The modified polymer — that’s all McCarthy will divulge about its chemical makeup — that emerged from the R&D process is proprietary chemistry. The Zybar safety data sheets don’t give much detail, either, but McCarthy said ZyBar has a pencil hardness greater than ceramics, which transition to glass at around 650 degrees Fahrenheit, at which point it becomes brittle.
What’s notable and different about the ZyBar coating process is that it works best when it’s applied to the outside and the inside of an exhaust header to prevent radiant heat from accumulating in the metal. In cured form, the coating is only 40 to 50 microns thick. For reference, one micron is equivalent to one thousandth of a millimeter, so 50 microns is just five one-hundredths of a millimeter. Here’s why you want it inside and out.
“What our product does is prevent the metal substrate from absorbing heat,” McCarthy said. “If you think about the inside of a header tube, you have radiant heat that presses in across the entire 360 degree (circumference) of that tube. And that’s what’s happening if you wrap a header or if you put a blanket over it. It’s trapping that heat, and that heat and that metal has nowhere to go other than it penetrates to the inside of the header. It actually increases the surface temperature of the metal through heat absorption.
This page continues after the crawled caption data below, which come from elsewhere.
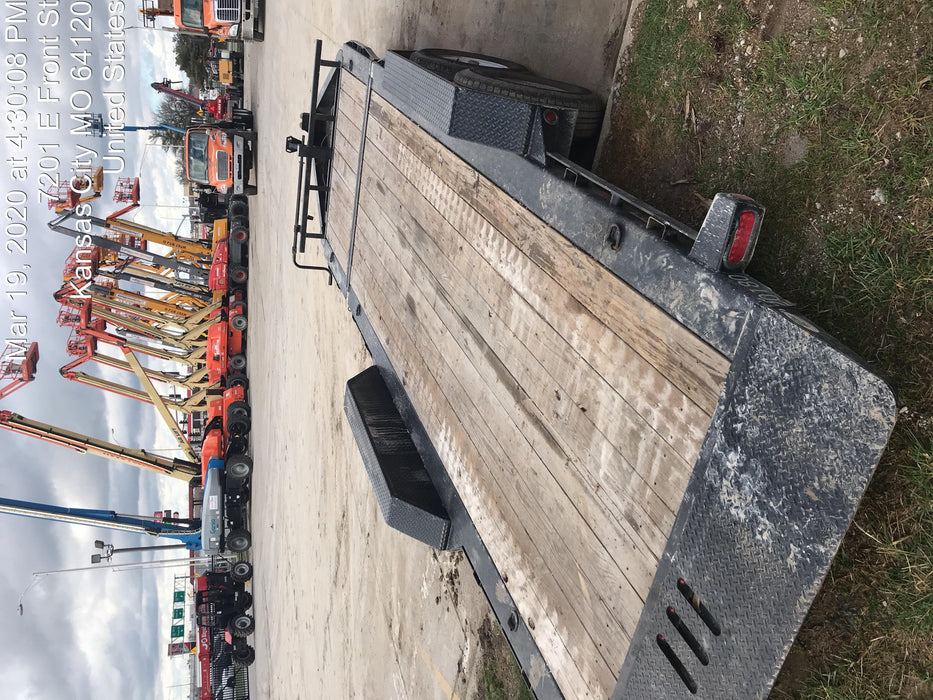 2019 LOADTRAIL 83X20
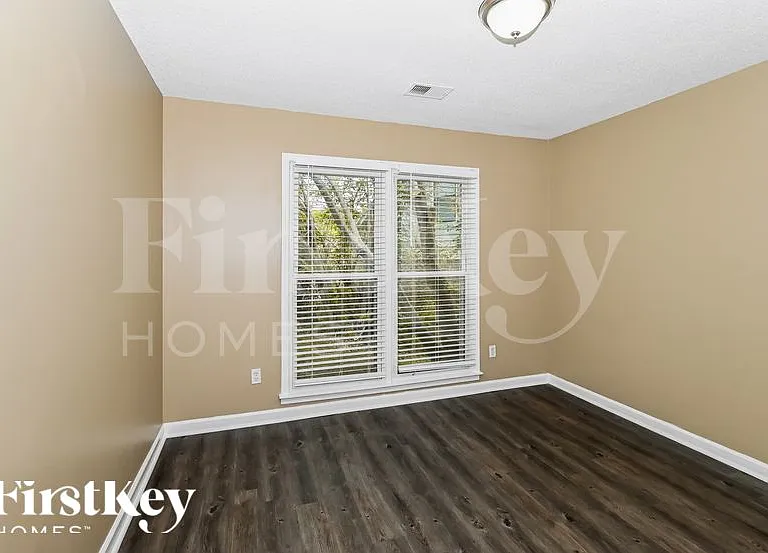 844 Tropicana Dr E — Photo 13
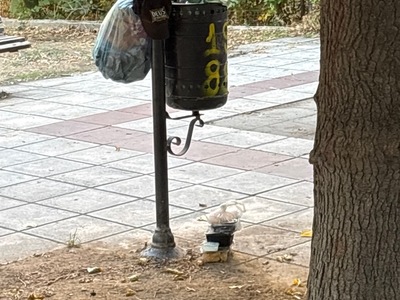 Σκουπίδια στο παρκο  Ιεροσολύμων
Now, you have created, instead of a two and a half inch tube, might be (effectively) 2.4 inches in diameter. And that flow area is restricted, and what occurs is it increases back pressure. What our coating does is it allows that heat to penetrate through the metal and dissipate, and it doesn’t radiate inside the tube. So you’ve now opened up that entire two and a half inch diameter for flow.”
Radiant heat inside exhaust tubing restricts flow. That has been true of every header and exhaust component that’s ever been built, McCarthy said. Header wraps and ceramics are insulative. As impossible as it seems for a coating applied to the inside and outside of a header, ZyBar is heat dissipation technology. That microsurface technology penetrates into the metal through fissures, microscopic cracks, pores and voids, which allows the metal to transfer heat at an accelerated rate.
By just coating the outside, you get radiant benefit on the outside for underhood temperatures in the surrounding area, but you’re not getting performance benefits that come with coating the inside.
ZyBar improves cylinder scavenging through reduced back pressure, is corrosion resistant and performs at up to 2,000 degrees Fahrenheit without turning brittle. It’s lightweight and works in a number of applications, including headers, tailpipes, mufflers and manifolds. McCarthy also said they have coated the hot side of a turbocharger and its downpipe, and found spool times reduced by 25 percent.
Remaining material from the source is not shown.